# MATERIAL PROVIDED

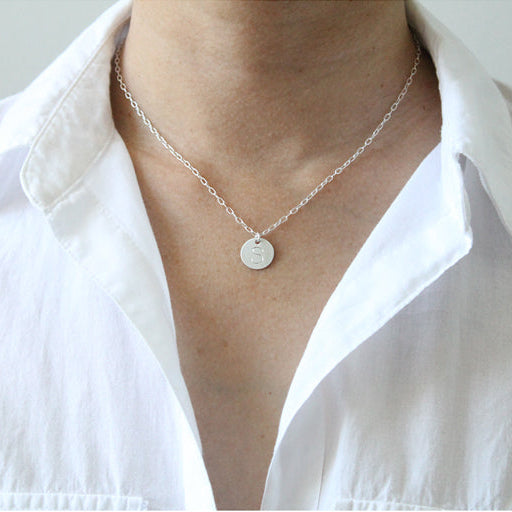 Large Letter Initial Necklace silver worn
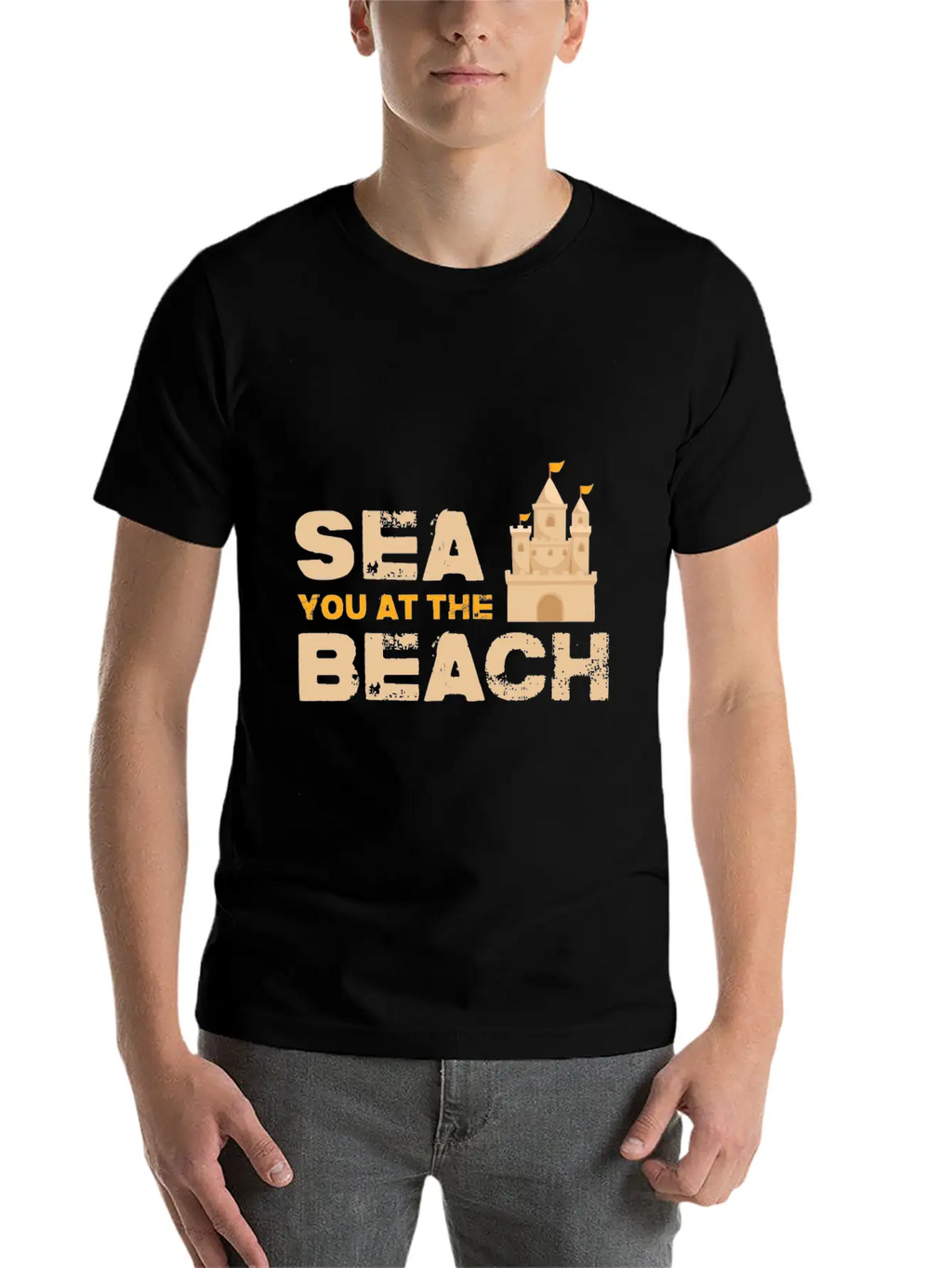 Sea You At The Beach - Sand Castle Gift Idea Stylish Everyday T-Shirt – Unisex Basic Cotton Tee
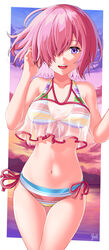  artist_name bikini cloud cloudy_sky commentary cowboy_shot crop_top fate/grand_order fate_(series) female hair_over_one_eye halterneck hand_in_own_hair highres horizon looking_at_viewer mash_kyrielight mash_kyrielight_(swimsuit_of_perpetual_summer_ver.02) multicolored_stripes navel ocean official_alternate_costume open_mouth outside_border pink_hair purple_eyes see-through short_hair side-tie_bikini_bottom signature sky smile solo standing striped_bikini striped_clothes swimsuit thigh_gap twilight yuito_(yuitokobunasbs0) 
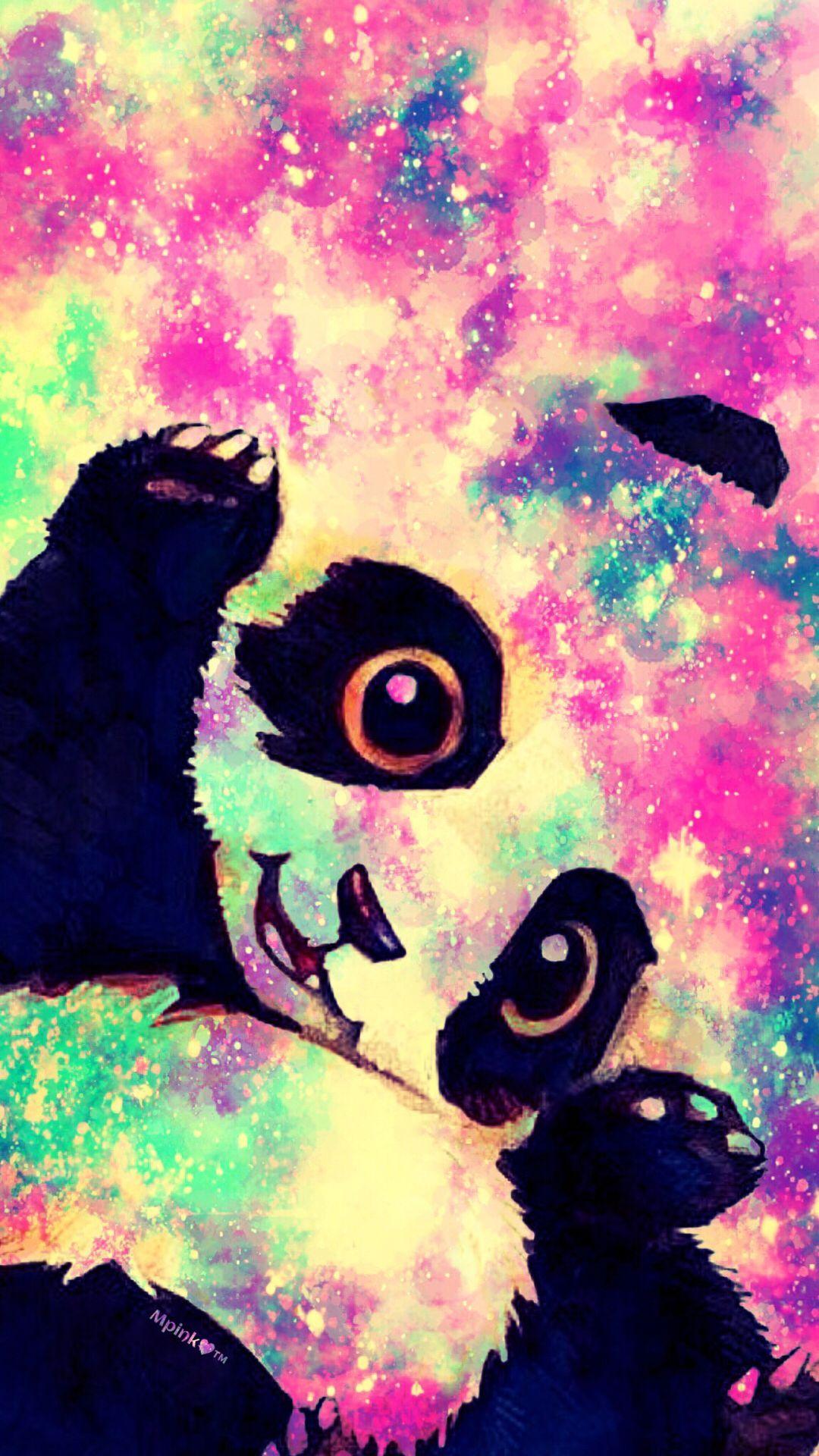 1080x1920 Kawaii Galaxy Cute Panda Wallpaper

# EXERCISE
Do not include the pictures. Quote only the lines from the line with "artist_name bikini cloud" through the end of the material, both ends included, exactly.

# EXERCISE ANSWER
  artist_name bikini cloud cloudy_sky commentary cowboy_shot crop_top fate/grand_order fate_(series) female hair_over_one_eye halterneck hand_in_own_hair highres horizon looking_at_viewer mash_kyrielight mash_kyrielight_(swimsuit_of_perpetual_summer_ver.02) multicolored_stripes navel ocean official_alternate_costume open_mouth outside_border pink_hair purple_eyes see-through short_hair side-tie_bikini_bottom signature sky smile solo standing striped_bikini striped_clothes swimsuit thigh_gap twilight yuito_(yuitokobunasbs0) 
 1080x1920 Kawaii Galaxy Cute Panda Wallpaper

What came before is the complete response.